The Masonic Temple Building was a skyscraper built in Chicago, Illinois in 1892, and from 1895 to the 1920s the tallest building in Chicago.

History 
Designed by the firm of Burnham and Root and built at the corner of Randolph and State Streets, the building rose 21 stories.  When the clock tower was removed from the 1885 Board of Trade Building in 1895, the Masonic Temple became the tallest in the city. The building was owned by Oriental Lodge #33 which still meets to this day. 

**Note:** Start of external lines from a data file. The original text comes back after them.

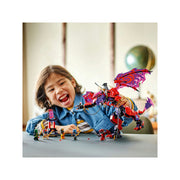 LEGO 71832 NINJAGO Thunderfang Dragon of Chaos Building Toy - 6 Minifigures, Poseable Dragon Figure, Ages 8+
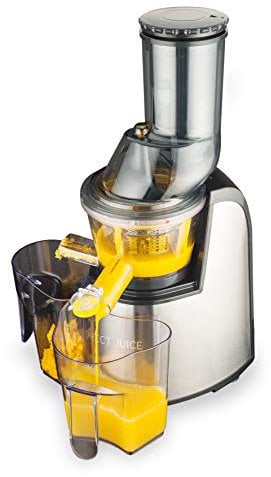 MACOM Just Kitchen 859 Perfect Juice Estrattore Di Succo / Slow juicer a freddo e a lenta rotazione per frutta e verdura con bocca larga 75 mm.
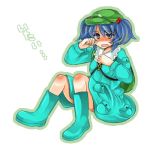  green_eyes hair_bobbles hair_ornament hat kawashiro_nitori tears touhou yutsuka 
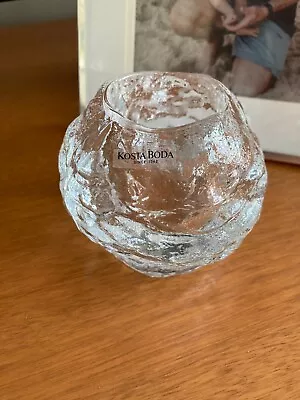 Kosta Boda Glass Snowball Votive Candle Or Tea Light Holder Made In Sweden • $24.50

The building featured a central court ringed by nine floors of shops with offices above and meeting rooms for the Masons at the very top. These meeting rooms also served as theaters, which contributed to the building's obsolescence; its elevators proved inadequate for these crowds, and the building rapidly fell from favor with commercial tenants.

Chicago's building height regulations enacted in 1892 (the year the Temple was built), didn't allow taller buildings, until that was amended in the 1920s. In 1939 the Masonic Temple was demolished, in part due to its poor internal services, but also due to the construction of the new State Street subway, which would have necessitated expensive foundation retrofitting. Also, in 1926 the New Masonic Building had opened nearby. A two-story "taxpayer" housing a Walgreens drug store was erected in its place, and the Joffrey Tower currently stands on the former site of this building.

Both the building's primary designer, John Wellborn Root, and the Masons' primary representative, Norman Gassette, died of natural causes during its construction.

Gallery

See also
Early skyscrapers
List of tallest buildings in Chicago
Oriental Lodge #33 Ancient Free and Accepted Masons Chicago, IL

References

External links

World's Tallest Skyscrapers
A City Under One Roof—The Masonic Temple, Chicago – Scientific American, February 10, 1894.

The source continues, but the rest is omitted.